See the photo in post #2 of this thread--that is not my bike. Coincidence? Having just read through the Colson Two Speed literature for '34 a Standard could also have tank, light, etc... the difference was in color/pattern and other equipment e.g. crossed braced bars for Deluxe vice un-braced bars for Standard. V/r Shawn


----------



## rustjunkie (Oct 23, 2017)

Perhaps someone saw this bike and then put a Wards tank on yours.
Check the front hub: not the "solid bar stock" hub as on DeLuxe models, but rather the standard hub "not turned from bar stock".


----------



## fordmike65 (Oct 23, 2017)

Yeah,I don't believe that silver Motorbike tank was original to that bike.
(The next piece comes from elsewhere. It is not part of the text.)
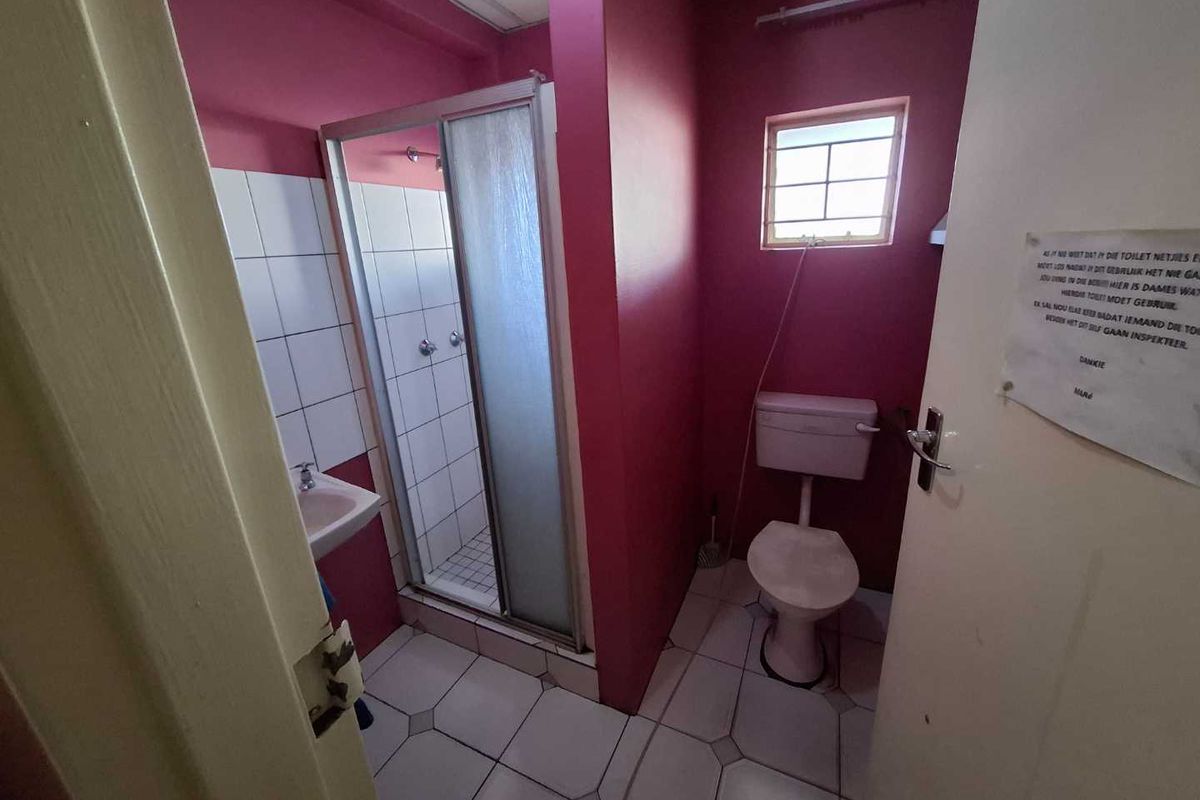 A functional bathroom featuring a shower cubicle, toilet, and basin with tiled flooring and painted walls.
I've seen it listed in catalogs as an aftermarket add-on. Nothing wrong with that. Just didn't leave the Colson factory with it.


----------



## Freqman1 (Oct 23, 2017)

Heck I'm just happy to have the bike. If nothing else we've raised awareness of the model and maybe others will come forward so we can sort out what is, or isn't correct. V/r Shawn


----------



## fordmike65 (Oct 23, 2017)

Freqman1 said:


> Heck I'm just happy to have the bike. If nothing else we've raised awareness of the model and maybe others will come forward so we can sort out what is, or isn't correct. V/r Shawn



Who cares what's correct! It's a great bike! Now get it on the road & enjoy!


----------



## 47jchiggins (Oct 23, 2017)

rustjunkie said:


> View attachment 696724
> 
> Perhaps someone saw this bike and then put a Wards tank on yours.
> Check the front hub: not the "solid bar stock" hub as on DeLuxe models, but rather the standard hub "not turned from bar stock".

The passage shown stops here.